As early as 1371 when Ivan Alexander died and Ivan Shishman inherited the throne, in the capital Tarnovo arrived ambassadors from the Ottoman Sultan Murad I to arrange. Bulgarian Emperor Ivan Shishman married his sister, Kera Tamara, to Sultan Murad I in order to secure his throne and guarantee peace between the two countries. Ivan Shishman managed to divert his demand and prolonged his decision for seven years. On that occasion an anonymous Bulgarian chronicle from the 15th century records:

...And on the throne came Shishman, son of Alexander. Amorat [Murad] sent to him men to ask for his sister, but he did not want to give his sister, Tsarina Kera Tamara...

However, in 1378 when his attempts to stop the Turks failed, Ivan Shishman reluctantly sent Kera Tamara in the harem of the Sultan in the Ottoman capital Bursa. She had no known children. She kept her Christian faith. In the Boril Synadnik her fate was praised as a self-sacrifice:

...For Kera Tamara, daughter of the great Emperor Ivan Alexander, great princess, wife of the great emir Amurat, to whom she was given for the sake of the Bulgarian people.
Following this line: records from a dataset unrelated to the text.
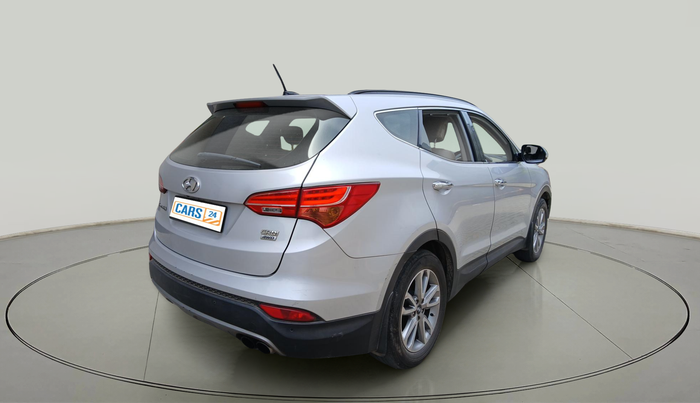 2016 Hyundai Santa Fe 4 WD AT, Diesel, Automatic, 1,08,822 km, exterior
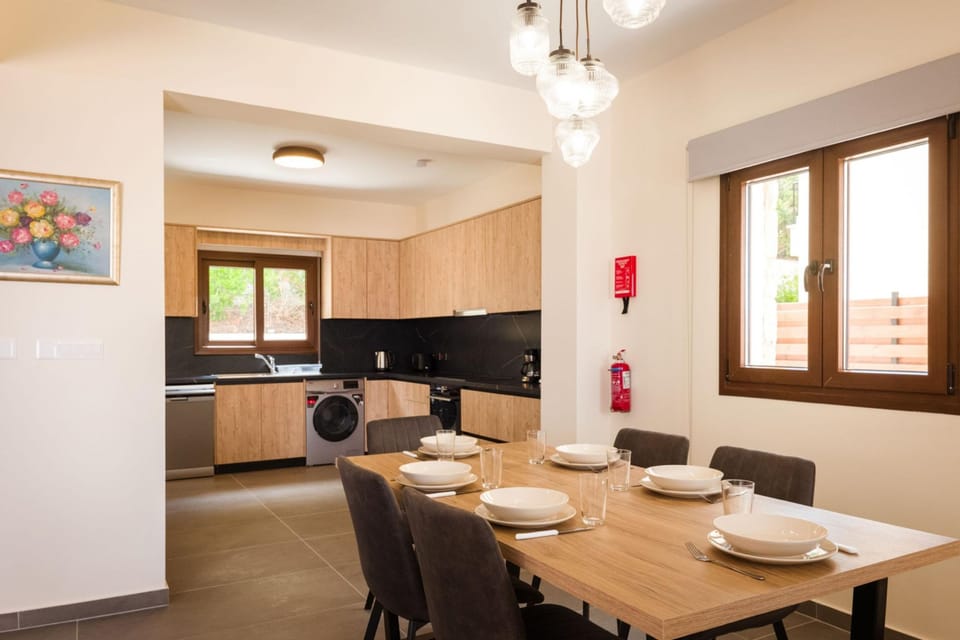 House, Smoking | 3 bedrooms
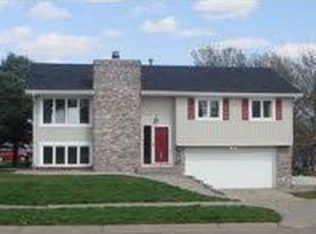 2040 N 77th St, Lincoln, NE 68505
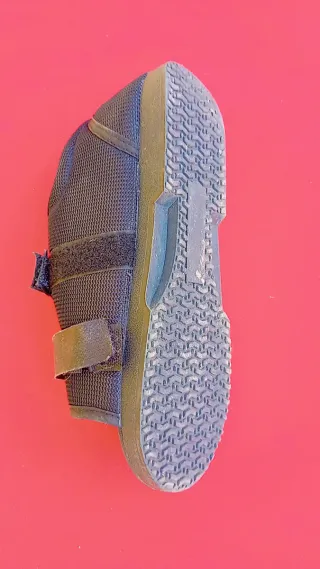 Zapatilla ortopédica escayola negra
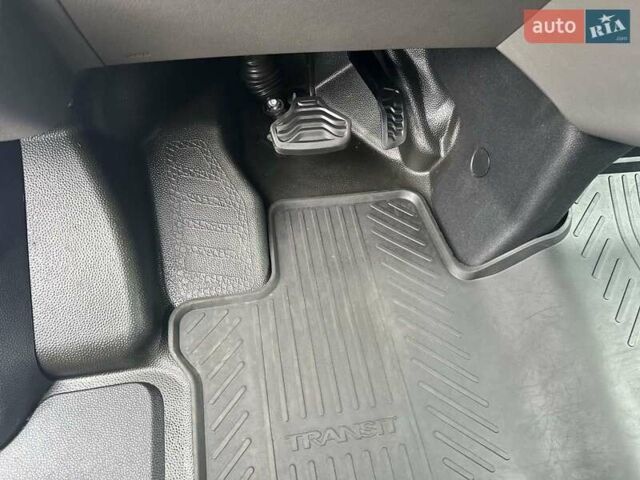 Білий Форд Транзит Кастом, об'ємом двигуна 2 л та пробігом 120 тис. км за 22500 $, фото 26 на Automoto.ua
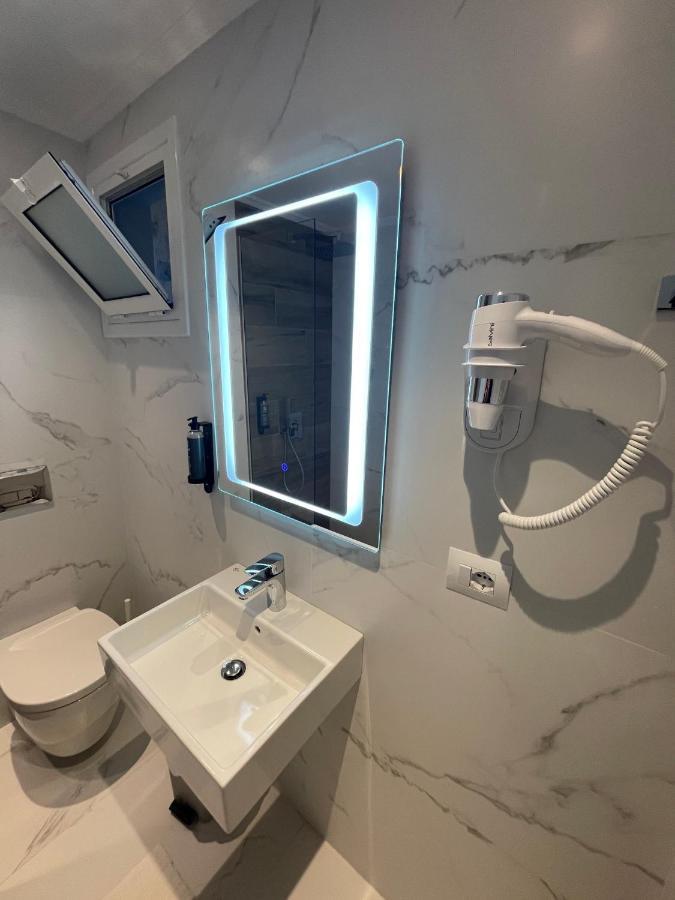Hotel Aulona Sarandë Eksteriør billede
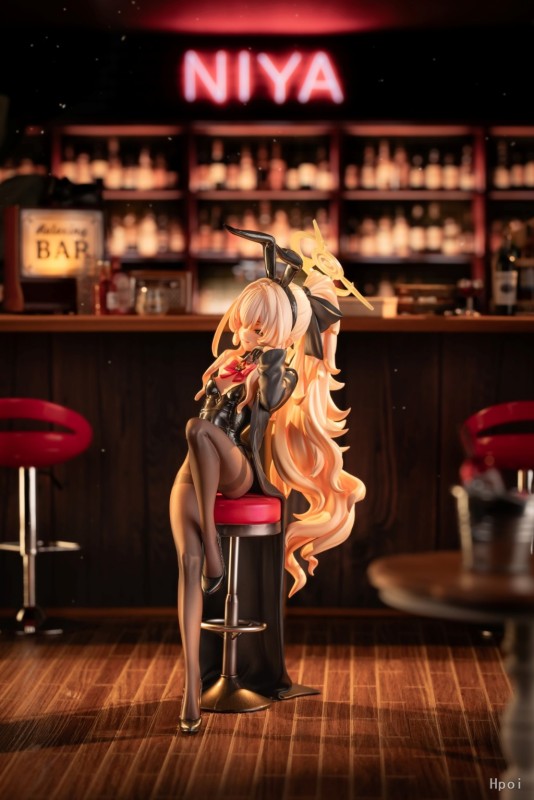 【Pre-order】PEPEHO Studio 1/7 Scale Smiling Professor Resin Statue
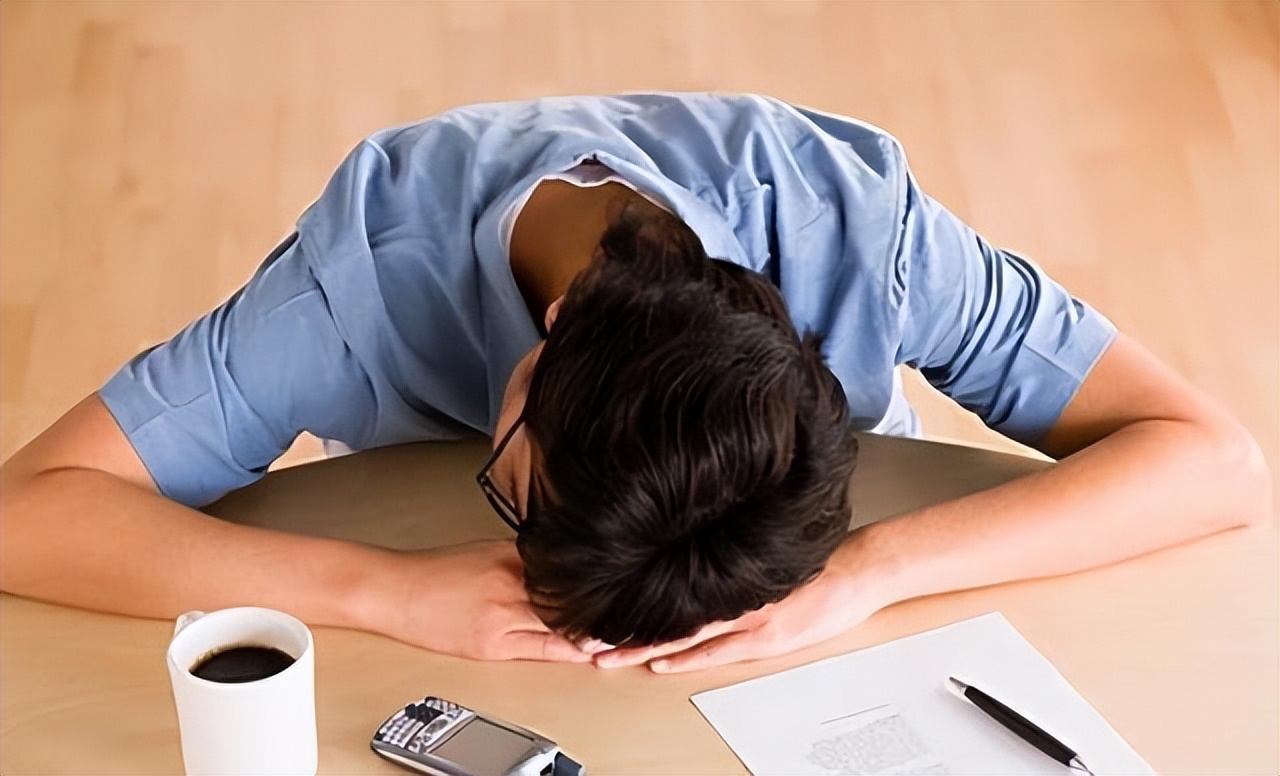 人睡觉为什么会做梦啊,睡觉时做梦好还是不做梦好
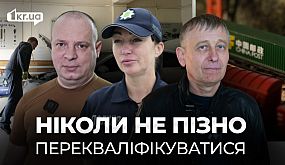 Без коментарів: активісти пофарбували танк на площі Визволення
And she, when she arrived there, kept her True faith, freed her people, lived well and pious and died in peace, may her memory live forever...

The grave of Kera Tamara remains today in Bursa in the family tomb of the Ottoman dynasty next to the grave of Murad I and the visitor know it as the place of "the Bulgarian Empress Maria". According to Kera Tamara's will, her tomb remained uncovered and barley was sowed on her grave.